País asiático avalia a castração química para estupradores e pedófilos

A medida será considerada caso se comprove sua eficácia na redução da criminalidade, uma vez que as evidências atuais ainda não são conclusivas. Atualmente, o país já aplica penas severas, incluindo prisão e castigos corporais para crimes contra menores.

Singapura está considerando a possibilidade de aplicar a castração química em criminosos sexuais, em um contexto de aumento de crimes sexuais graves, particularmente contra crianças e jovens. A questão foi debatida na terça-feira (8) no Parlamento nacional.

"Continuamos abertos a considerar medidas, incluindo tratamentos farmacológicos antiandrogênicos — também conhecidos como castração química —, caso fique claro que tais medidas são eficazes para reduzir os índices de criminalidade", declarou Kasiviswanathan Shanmugam, ministro do país.

No entanto, até o momento, as evidências a esse respeito "não são conclusivas", observou ele.

Aumento de crimes

Segundo estatísticas divulgadas pela polícia, em 2025 foram registrados em Singapura 1.531 casos de atentado ao pudor, o que representa um aumento de 7,3% em relação aos 1.427 casos de 2024.

"O governo adota uma postura muito séria em relação aos crimes sexuais e impõe penas severas, especialmente quando as vítimas são menores de idade. O estupro — ou agressão sexual com penetração — contra um menor de 14 anos sem consentimento é punido com pena de prisão obrigatória entre oito e vinte anos, além de um mínimo de doze golpes de bastão", detalhou Shanmugam.

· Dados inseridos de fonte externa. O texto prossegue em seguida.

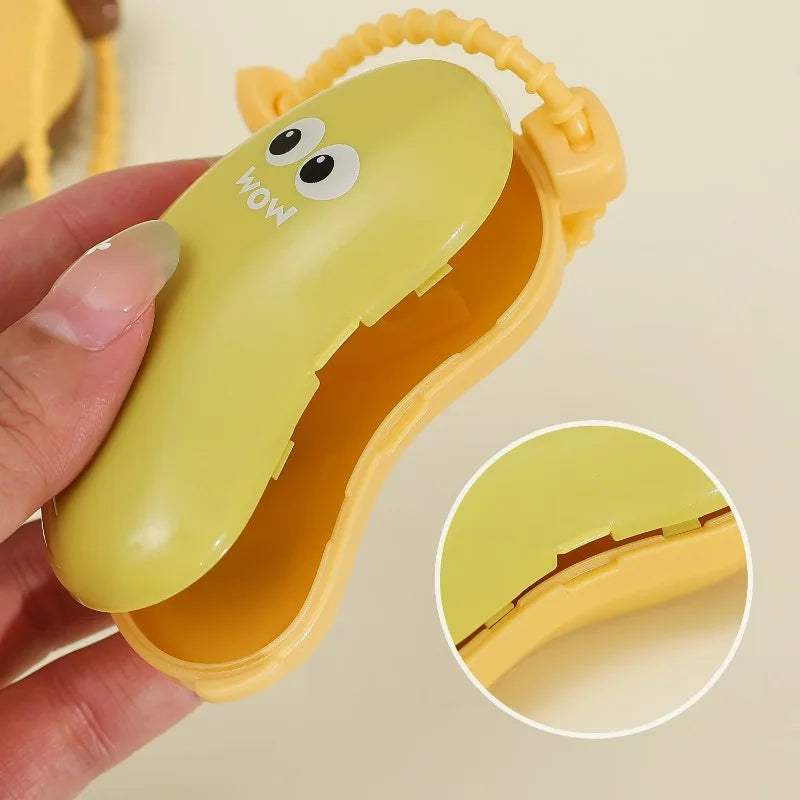 2-In1 Portable Toothbrush Head Cover Travel Toothpaste Containers Cartoon Banana Protective Case Toothbrush Storage Organizer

A castração química consiste no uso de fármacos para reduzir a produção ou os efeitos de hormônios sexuais, como a testosterona, diminuindo assim o impulso sexual.

Geralmente, o procedimento é reversível, embora, em casos raros, seus efeitos possam ser permanentes.

Espera-se, portanto, que essa redução ajude alguns criminosos a controlar seus impulsos sexuais compulsivos ou excessivos,explica a Channel News Asia.